(Stored records)
◆ ◆ ◆

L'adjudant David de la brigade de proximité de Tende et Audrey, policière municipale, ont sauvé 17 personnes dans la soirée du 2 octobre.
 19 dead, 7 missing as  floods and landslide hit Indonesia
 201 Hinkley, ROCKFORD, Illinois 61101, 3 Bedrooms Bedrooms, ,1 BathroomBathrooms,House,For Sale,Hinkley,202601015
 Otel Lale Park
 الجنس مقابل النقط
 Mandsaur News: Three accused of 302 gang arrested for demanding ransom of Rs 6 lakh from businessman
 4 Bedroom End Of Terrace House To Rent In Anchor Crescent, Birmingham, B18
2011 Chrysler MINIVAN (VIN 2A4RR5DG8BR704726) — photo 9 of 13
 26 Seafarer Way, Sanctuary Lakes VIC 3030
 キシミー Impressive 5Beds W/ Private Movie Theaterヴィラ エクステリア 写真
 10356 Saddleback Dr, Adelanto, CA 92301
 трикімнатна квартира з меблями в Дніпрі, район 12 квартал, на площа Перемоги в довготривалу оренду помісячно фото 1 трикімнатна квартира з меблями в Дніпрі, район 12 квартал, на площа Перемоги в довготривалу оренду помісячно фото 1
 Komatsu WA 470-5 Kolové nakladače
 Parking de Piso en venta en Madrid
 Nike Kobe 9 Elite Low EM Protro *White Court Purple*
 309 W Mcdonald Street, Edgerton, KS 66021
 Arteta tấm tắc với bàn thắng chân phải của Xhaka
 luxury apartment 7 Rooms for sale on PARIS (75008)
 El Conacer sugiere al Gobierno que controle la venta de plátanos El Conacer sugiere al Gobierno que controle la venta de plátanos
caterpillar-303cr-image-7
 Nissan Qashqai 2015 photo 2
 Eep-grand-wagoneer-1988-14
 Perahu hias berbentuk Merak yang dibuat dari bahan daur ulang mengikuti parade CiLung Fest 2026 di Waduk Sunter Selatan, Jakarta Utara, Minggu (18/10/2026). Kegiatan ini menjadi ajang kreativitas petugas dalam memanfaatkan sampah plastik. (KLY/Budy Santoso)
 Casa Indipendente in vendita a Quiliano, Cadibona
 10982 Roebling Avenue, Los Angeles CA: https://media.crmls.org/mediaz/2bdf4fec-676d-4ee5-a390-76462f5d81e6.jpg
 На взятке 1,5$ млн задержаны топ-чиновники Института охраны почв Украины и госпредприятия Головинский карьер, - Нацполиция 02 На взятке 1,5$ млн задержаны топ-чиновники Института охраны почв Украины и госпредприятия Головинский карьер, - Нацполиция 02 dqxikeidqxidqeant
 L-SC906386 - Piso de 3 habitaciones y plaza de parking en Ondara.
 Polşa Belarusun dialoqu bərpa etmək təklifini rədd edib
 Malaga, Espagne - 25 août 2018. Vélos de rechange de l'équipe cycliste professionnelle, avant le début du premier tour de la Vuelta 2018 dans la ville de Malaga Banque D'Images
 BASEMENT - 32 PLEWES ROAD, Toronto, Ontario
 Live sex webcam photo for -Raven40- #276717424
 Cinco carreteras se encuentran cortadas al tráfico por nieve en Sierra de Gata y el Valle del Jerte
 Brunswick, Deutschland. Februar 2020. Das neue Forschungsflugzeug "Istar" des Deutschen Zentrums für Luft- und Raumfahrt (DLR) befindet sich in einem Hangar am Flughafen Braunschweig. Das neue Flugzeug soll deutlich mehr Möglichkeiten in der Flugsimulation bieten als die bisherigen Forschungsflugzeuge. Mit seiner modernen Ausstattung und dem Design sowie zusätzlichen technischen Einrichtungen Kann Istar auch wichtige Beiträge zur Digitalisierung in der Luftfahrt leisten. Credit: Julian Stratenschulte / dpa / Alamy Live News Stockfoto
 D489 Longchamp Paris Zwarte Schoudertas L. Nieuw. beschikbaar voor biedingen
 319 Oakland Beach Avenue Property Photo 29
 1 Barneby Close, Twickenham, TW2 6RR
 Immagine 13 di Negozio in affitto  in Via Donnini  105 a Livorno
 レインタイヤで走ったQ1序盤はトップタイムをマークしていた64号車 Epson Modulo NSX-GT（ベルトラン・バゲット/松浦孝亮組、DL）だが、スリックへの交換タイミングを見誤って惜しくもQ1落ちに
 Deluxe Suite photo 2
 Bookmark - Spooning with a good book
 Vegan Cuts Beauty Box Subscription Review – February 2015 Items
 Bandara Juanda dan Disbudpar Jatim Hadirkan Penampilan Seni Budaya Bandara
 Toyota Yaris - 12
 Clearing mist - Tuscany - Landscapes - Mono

◆ ◆ ◆

- _Goal of the exercise_
Repeat the data word for word, starting at its first line and stopping after the line that contains "Eep-grand-wagoneer-1988-14".

- _Response below_
L'adjudant David de la brigade de proximité de Tende et Audrey, policière municipale, ont sauvé 17 personnes dans la soirée du 2 octobre.
 19 dead, 7 missing as  floods and landslide hit Indonesia
 201 Hinkley, ROCKFORD, Illinois 61101, 3 Bedrooms Bedrooms, ,1 BathroomBathrooms,House,For Sale,Hinkley,202601015
 Otel Lale Park
 الجنس مقابل النقط
 Mandsaur News: Three accused of 302 gang arrested for demanding ransom of Rs 6 lakh from businessman
 4 Bedroom End Of Terrace House To Rent In Anchor Crescent, Birmingham, B18
2011 Chrysler MINIVAN (VIN 2A4RR5DG8BR704726) — photo 9 of 13
 26 Seafarer Way, Sanctuary Lakes VIC 3030
 キシミー Impressive 5Beds W/ Private Movie Theaterヴィラ エクステリア 写真
 10356 Saddleback Dr, Adelanto, CA 92301
 трикімнатна квартира з меблями в Дніпрі, район 12 квартал, на площа Перемоги в довготривалу оренду помісячно фото 1 трикімнатна квартира з меблями в Дніпрі, район 12 квартал, на площа Перемоги в довготривалу оренду помісячно фото 1
 Komatsu WA 470-5 Kolové nakladače
 Parking de Piso en venta en Madrid
 Nike Kobe 9 Elite Low EM Protro *White Court Purple*
 309 W Mcdonald Street, Edgerton, KS 66021
 Arteta tấm tắc với bàn thắng chân phải của Xhaka
 luxury apartment 7 Rooms for sale on PARIS (75008)
 El Conacer sugiere al Gobierno que controle la venta de plátanos El Conacer sugiere al Gobierno que controle la venta de plátanos
caterpillar-303cr-image-7
 Nissan Qashqai 2015 photo 2
 Eep-grand-wagoneer-1988-14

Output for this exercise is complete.